Sascha Konietzke, Co-founder of Contentful, provides cloud-based content management solutions for companies with complex workflow. Starting up is a mix of art and science, and founders are more willing these days to share their experiences, he observes. He advises founders to explore B2B opportunities and not just B2C, where success comes from large volumes but is also risky.
Disruptive ideas can come from outside traditional industries like banking and finance, explains Maximilian Tayenthal, Co-founder of mobile-first bank N26. The company invests heavily in technology, user experience, and continuous experimentation.
Paula Schwarz founded the World Datanomic Forum to encourage transparent decision-making based on trust and facts. Problems need to be framed to include long-term environmental and humanitarian issues, despite challenges of fake news and corporate wealth concentration. Younger generations of citizens want to take on active and impactful goals and don’t want to be told to do things the same old way. Paula regards her Forum as a movement, and not just a company.
Waldemar Zeiler and Philip Siefer are Co-founders of Einhorn, which produces sustainable and transparently-sourced condoms. Their mission is to “unfuck the economy,” or to promote businesses that have sustainability and a sense of higher purpose at their core.

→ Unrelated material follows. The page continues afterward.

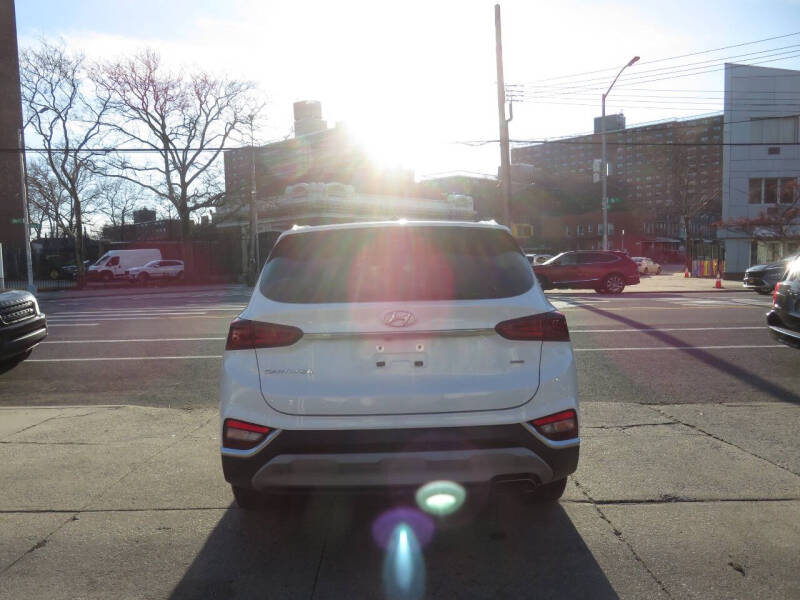 2019 Hyundai Santa Fe SE 2.4L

The co-founders see themselves as “court jesters,” promoting concepts like “fairstanable” (fair and sustainable business). They also advise “fight and hug” approaches to team building, to factor in the inevitable disagreements and necessary reconciliation.

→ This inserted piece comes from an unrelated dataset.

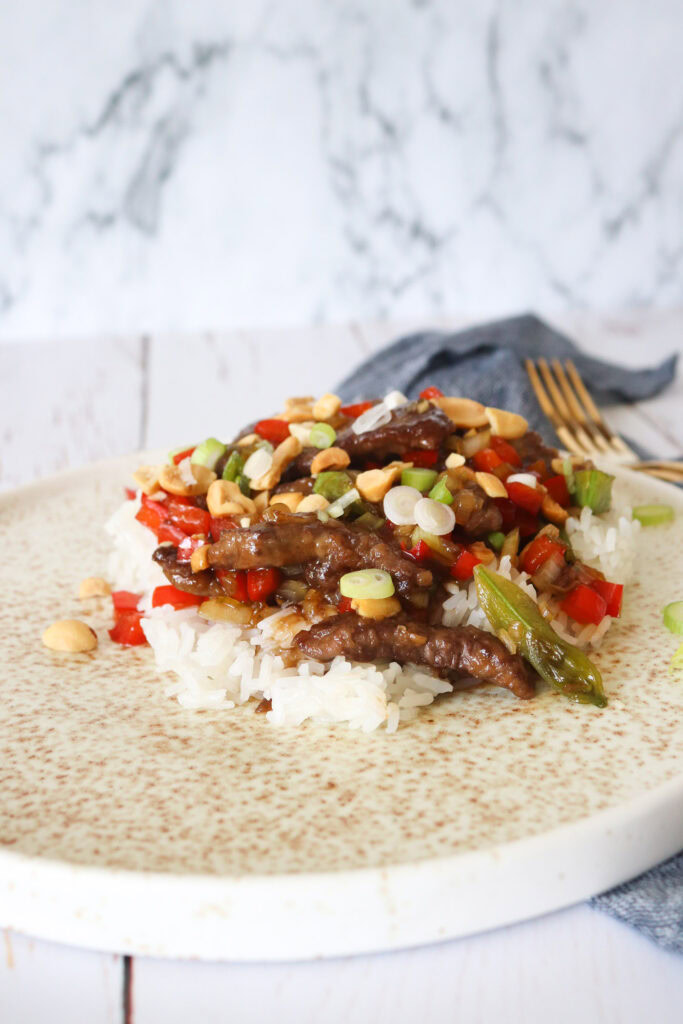 Mongolian Beef Med Grøntsager - Steak Strimler I Sauce Med Grøntsager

The book ends with a six-page directory of resources like expat groups, meetups, investors, accelerators, government support services, and startup events in Berlin. Listed events include BetaBreakfast, Talent Summit, Creative Mornings, Data Natives, Fuckup Nights, Heureka, Silicon Drinkabout, Startup Grind, Typo Talks, and Quo Vadis.
In sum, the book provides informative and entertaining insights into Berlin’s startup ecosystem, as well as a useful framework for other cities to reflect on and improve their own startup ecosystems. We at YourStory look forward to reviewing the other Startup City Guides in this series already!